Opinion
No. 1 CA-CR 11-0066
04-03-2012
Thomas C. Horne, Arizona Attorney General By Kent E. Cattani, Chief Counsel Criminal Appeals/Capital Litigation Division and Melissa M. Swearingen, Assistant Attorney General Attorneys for Appellee Michael A. Breeze, Yuma County Public Defender By Edward F. McGee, Deputy Public Defender Attorneys for Appellant
NOTICE: THIS DECISION DOES NOT CREATE LEGAL PRECEDENT AND MAY NOT BE CITED EXCEPT AS AUTHORIZED BY APPLICABLE RULES. See Ariz. R. Supreme Court 111(c); ARCAP 28(c); Ariz. R. Crim. P. 31.24
MEMORANDUM DECISION
(Not for Publication - Rule 111, Rules of the Arizona Supreme Court)
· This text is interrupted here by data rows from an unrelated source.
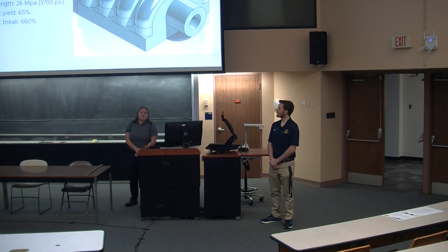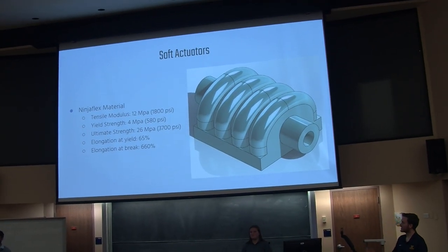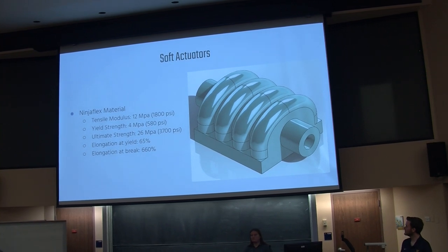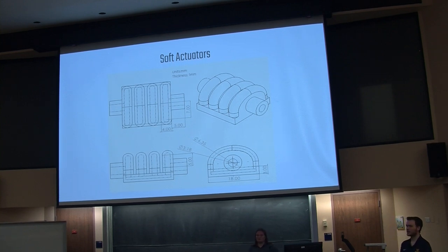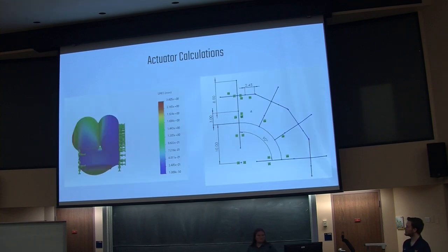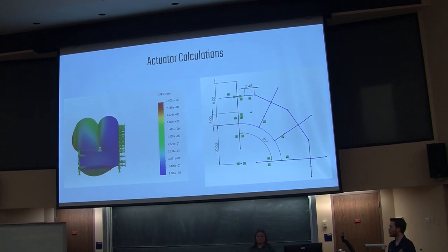These are the designs of the soft actuators. We used a Ninja Flex material created through 3D printing. These are the mechanical properties of the material, and these are the schematics of the product. The numbers represented here are constants kept throughout each actuation design. For each actuator, they lie down on each knuckle, so each of them have to create a specific bending point. Gaps between the ribs as well as height differences create different bending points. The image on the left is the simulation with about 10 pounds of pressure, just to show the behavior and how the actuator should work.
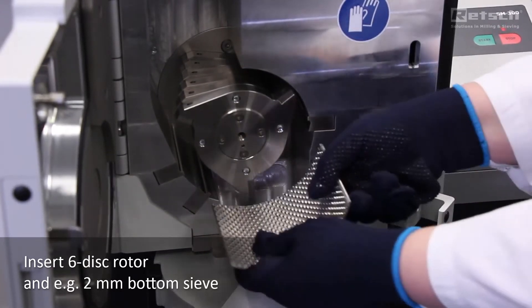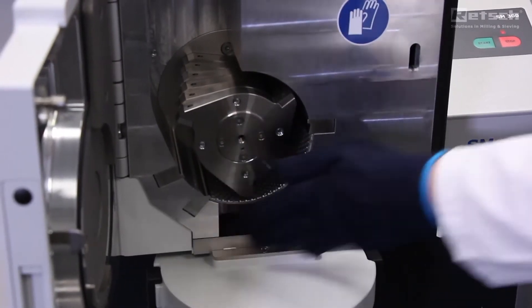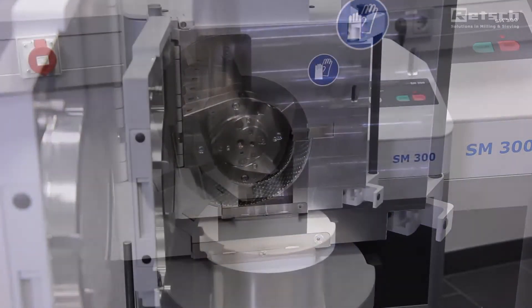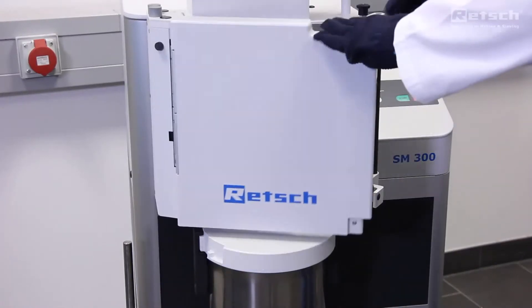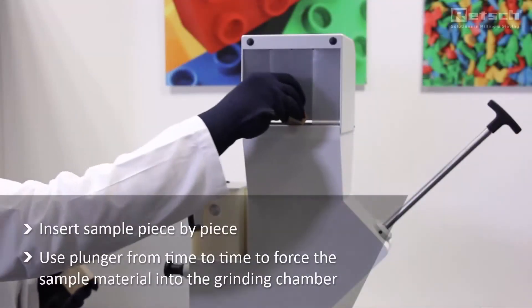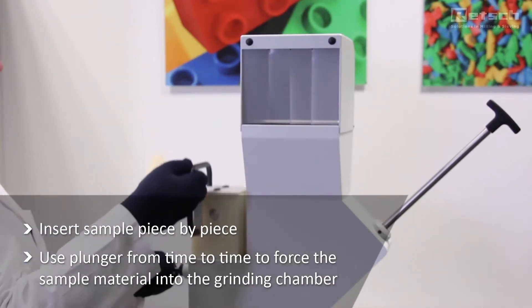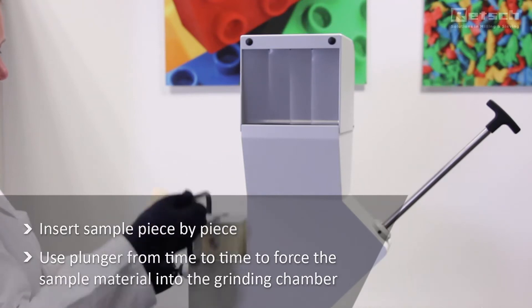We use bottom sieves without sieve cassettes, so there are no edges underneath the sieve where sample material might get trapped. With the plunger of the universal hopper, the sample can be forced against the rotor, which increases the grinding efficiency.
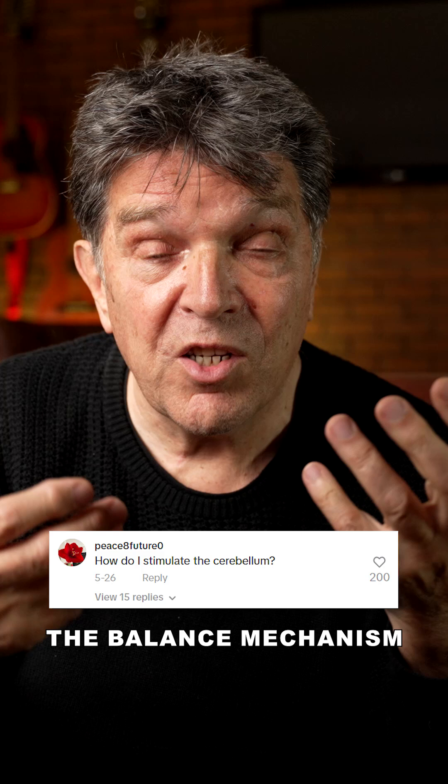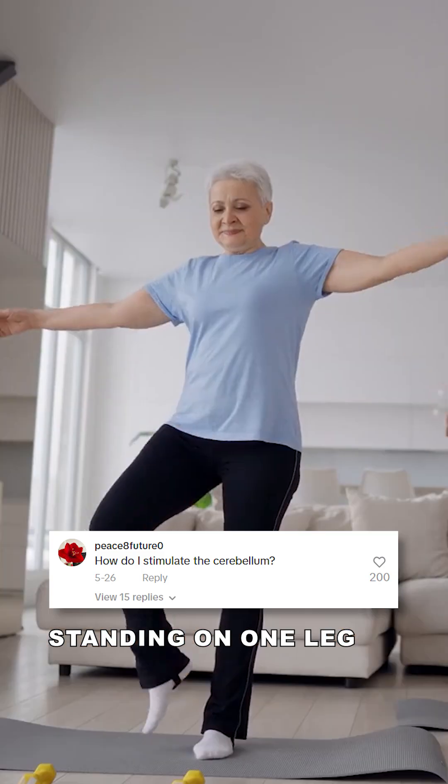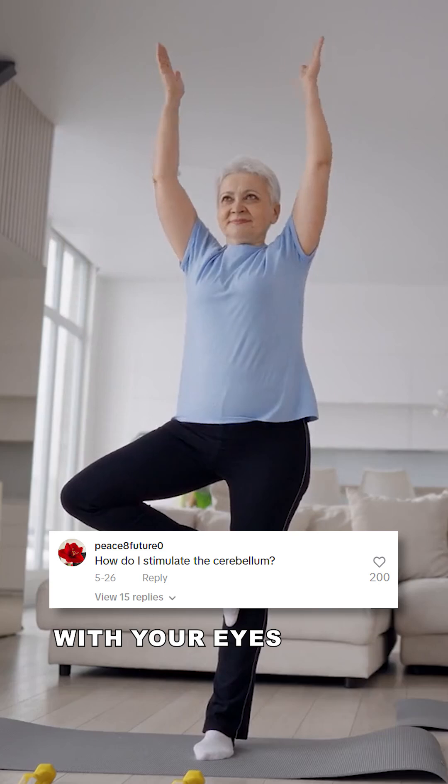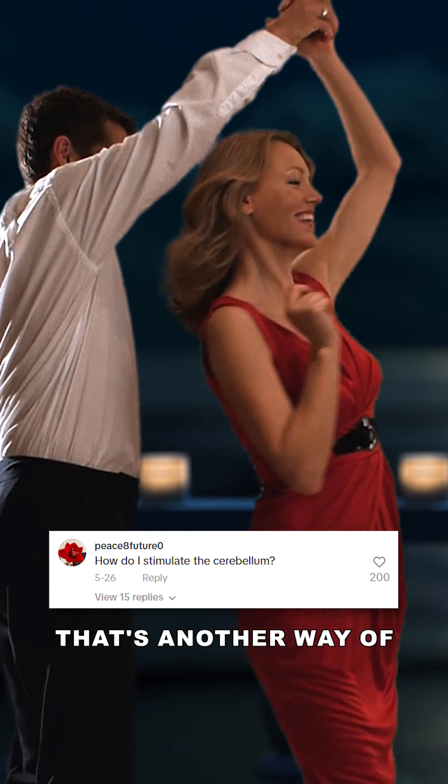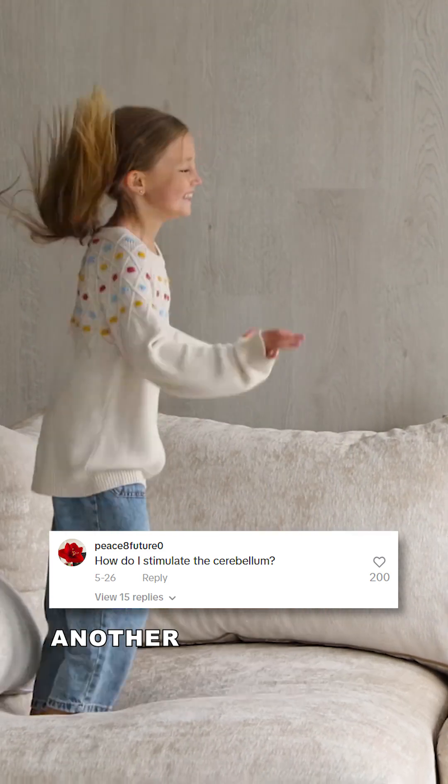Stimulating the cerebellum really involves a combination, and that combination involves balance. You've got to be making the balance mechanism work harder than it normally does. So standing on one leg, or standing on one leg with your eyes closed — there's all sorts of things. Rotation, spinning — that's another way of stimulating the vestibular system, or jumping up and down is another way.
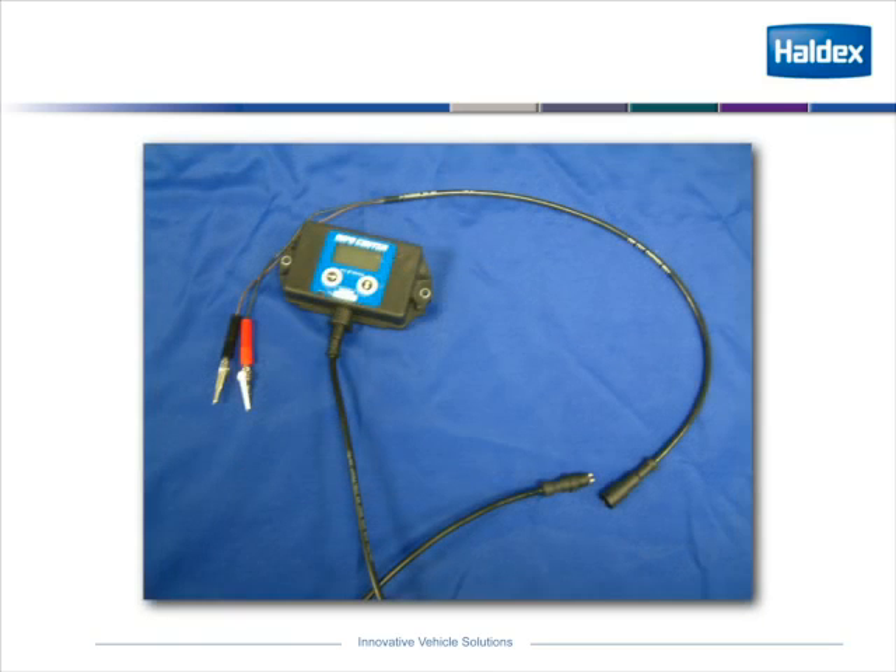This is just a picture of the info center, also showing a pigtail that could be hooked up to any ground and hot wire to read what the system is doing on the trailer.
Appeal from the Superior Court in Yuma County
Cause No. S1400CR2007-00687
The Honorable Andrew W. Gould, Judge
AFFIRMED IN PART, REVERSED IN PART,
AND REMANDED WITH INSTRUCTIONS
Thomas C. Horne, Arizona Attorney General
By Kent E. Cattani, Chief Counsel
Criminal Appeals/Capital Litigation Division
and Melissa M. Swearingen, Assistant Attorney General
Attorneys for Appellee
Phoenix
Michael A. Breeze, Yuma County Public Defender
By Edward F. McGee, Deputy Public Defender
Attorneys for Appellant
Yuma NORRIS, Judge
¶1 Timothy Jesse Valenzuela appeals his convictions and sentences on two counts of armed robbery and aggravated assault, arguing the superior court should not have denied his Batson challenge nor his request for a mistrial made, first, after he appeared before prospective jurors in handcuffs and, second, after certain jurors raised questions regarding their voir dire examination. Although we disagree with Valenzuela's mistrial arguments, we agree with Valenzuela's Batson argument and remand to the superior court for further proceedings consistent with this decision. I. Batson Error
We defer to a superior court's factual findings unless they are clearly erroneous when considering a Batson challenge. We review, however, a superior court's legal determination de novo. State v. Gay, 214 Ariz. 214, 220, ¶ 16, 150 P.3d 787, 793 (App. 2007).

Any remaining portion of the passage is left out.